I can think of a few quick and dirty ways, but this needs to perform fairly well, as it's a trigger that runs on a busy table, so thought i'd throw it out to the T-SQL pros.

Any suggestions?

回答1:

This solution should be a bit more efficient because it first checks to see if the string contains a number, then it checks to see if the string ends in a number.

 CREATE FUNCTION dbo.trim_ending_numbers(@columnvalue AS VARCHAR(100)) RETURNS VARCHAR(100)
    BEGIN
    --This will make the query more efficient by first checking to see if it contains any numbers at all
    IF @columnvalue NOT LIKE '%[0-9]%'
        RETURN @columnvalue

    DECLARE @counter INT
    SET @counter = LEN(@columnvalue)

    IF ISNUMERIC(SUBSTRING(@columnvalue,@counter,1)) = 0
        RETURN @columnvalue 

    WHILE ISNUMERIC(SUBSTRING(@columnvalue,@counter,1)) = 1 OR SUBSTRING(@columnvalue,@counter,1) = ' '
    BEGIN
        SET @counter = @counter -1
        IF @counter < 0
            BREAK
    END
    SET @columnvalue = SUBSTRING(@columnvalue,0,@counter+1)

    RETURN @columnvalue
    END

If you run

SELECT dbo.trim_ending_numbers('More blah 12321 123123 123132')

It will return

'More blah'


回答2:

A loop on a busy table will be very unlikely to perform adequately. Use REVERSE and PATINDEX to find the first non digit, begin a SUBSTRING there, then REVERSE the result. This will be plenty slow with no loops.

Your examples imply that you also don't want to match spaces.

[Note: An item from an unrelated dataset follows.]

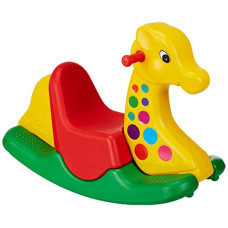 Deals and Offers on - Amazon Brand - Jam & Honey Ride-On Giraffe, Multicolor Deals, Discounts & Offers on - Amazon Brand - Jam & Honey Ride-On Giraffe, Multicolor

DECLARE @t TABLE (s NVARCHAR(500))
INSERT INTO @t (s)
VALUES 
('Hi there how are you'),('What is the #1 pizza place in NYC?'),('Dominoes is number 1'),('Blah blah 123123'),('More blah 12321 123123 123132')

select s 
, reverse(s) as beginning
, patindex('%[^0-9 ]%',reverse(s)) as progress
, substring(reverse(s),patindex('%[^0-9 ]%',reverse(s)), 1+len(s)-patindex('%[^0-9 ]%',reverse(s))) as [more progress]
, reverse(substring(reverse(s),patindex('%[^0-9 ]%',reverse(s)), 1+len(s)-patindex('%[^0-9 ]%',reverse(s)))) as SOLUTION
from @t

Final answer: reverse( substring( reverse( @s ), patindex( '%[^0-9 ]%', reverse( @s ) ), 1 + len( @s ) - patindex( '%[^0-9 ]%', reverse( @s ) ) ) )



回答3:

I believe that the below query is fast and useful

select reverse(substring(reverse(colA),PATINDEX('%[0-9][a-z]%',reverse(colA))+1,
len(colA)-PATINDEX('%[0-9][a-z]%',reverse(colA))))
from TBLA


回答4:

--DECLARE @String VARCHAR(100) = 'the fat cat sat on the mat'
--DECLARE @String VARCHAR(100) = 'the fat cat 2 sat33 on4 the mat'
--DECLARE @String VARCHAR(100) = 'the fat cat sat on the mat1'
--DECLARE @String VARCHAR(100) = '2121'
DECLARE @String VARCHAR(100) = 'the fat cat 2 2 2 2 sat on the mat2121'



DECLARE @Answer NVARCHAR(MAX),
    @Index INTEGER = LEN(@String),
    @Character CHAR,
    @IncorrectCharacterIndex SMALLINT


-- Start from the end, going to the front.
WHILE @Index > 0 BEGIN

    -- Get each character, starting from the end
    SET @Character = SUBSTRING(@String, @Index, 1)

    -- Regex check.
    SET @IncorrectCharacterIndex = PATINDEX('%[A-Za-z-]%', @Character)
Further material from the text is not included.